We filled up at one of the estimated 4000 filling stations on the road between Entebbe and Kampala. The car is right hand drive and the Ugandans drive on the left. That's the Ugandans who aren't driving bicycles, motor bike, scooters, taxis, minibuses, lorries and coaches that is. Those guys drive wherever they want to, and its up to you in your stupid little/big (delete as appropriate) car to get out of their way.
So it is with a cheerful acceptance of our fate that we head into Kampala to try to a) do our necessary shopping, b) get on the right road out the other side and c) survive.
Initially it's fine, the traffic flows well and the road from Entebbe is smooth tarmac. However on the outskirts of the city it starts to get a lot busier, and the lack of any road signs make it tough going. You also have to watch for vehicles approaching from all angles, and learn how to force yourself into a small gaps when getting to a junction.
My printed off googlemap of the streets helped a little, but only in a vague "it must be that kind of direction" way. But a kindly traffic policewoman told us where to go and by hook and by crook we reached the Nakumatt Oasis shopping mall.
This shop did seem to have pretty much everything we wanted, and we could easily have picked up camping gear if we had needed it. But be warned it is not cheap. We spent over $100us on supplies - I reckoned it was at least twice as expensive as at home. The shop is obviously there for the expat community - pringles and skippy peanut butter and the likes.
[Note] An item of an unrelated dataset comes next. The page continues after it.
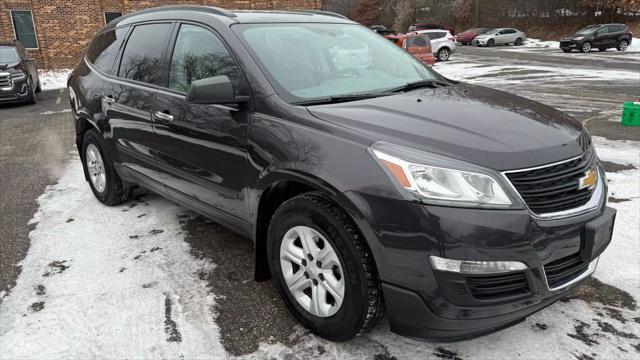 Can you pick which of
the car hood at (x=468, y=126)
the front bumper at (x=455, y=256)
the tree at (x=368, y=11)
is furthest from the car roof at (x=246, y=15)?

The car park had an armed guard watching the vehicles, so it seems pretty safe. (edit 2014 - in the light of what happened to an almost identical mall in Nairobi I have revised my opinion on the safety aspect of one man with a rifle).
There is Western Union in the supermarket for changing money - in fact there are other banks in the mall too. There was also a nice looking cafe, but we had just not long had breakfast.
We headed North from the mall, following major roads out the city to the Northern by pass. Unfortunately when we reached our turning, it was closed for repairs with no apparent alternative. We executed a tricky U-turn and headed back, again passing the junction - closed this way too. So Karen bravely suggested we try a left left right manoeuvre through some of Kampala's more "traditional" neighbourhoods. This worked remarkably well, and if you could ignore the slums, rubbish heaps, open sewers and filthy street kids would have been a pleasant detour on our route through the city.
Actually it wasn't too bad, and was probably the worst deprivation we saw in the whole time in Africa. The only thing to worry us was that the air conditioning stopped working, never to work again.
The road North turned out to be pretty good - the tarmac was rough around the edges, but the pot holes were manageable. The traffic soon disappears, and the road becomes more of a footpath than a highway. Lots of bicycles, and people walking along the verge. Every now and again we'd be reminded of the dangers as we passed a couple of really nasty accident scenes. At one of them the locals were busy hacking a huge overturned lorry to pieces with axes and hand saws. I imagine the same thing would happen if the lorry had crashed in Falkirk.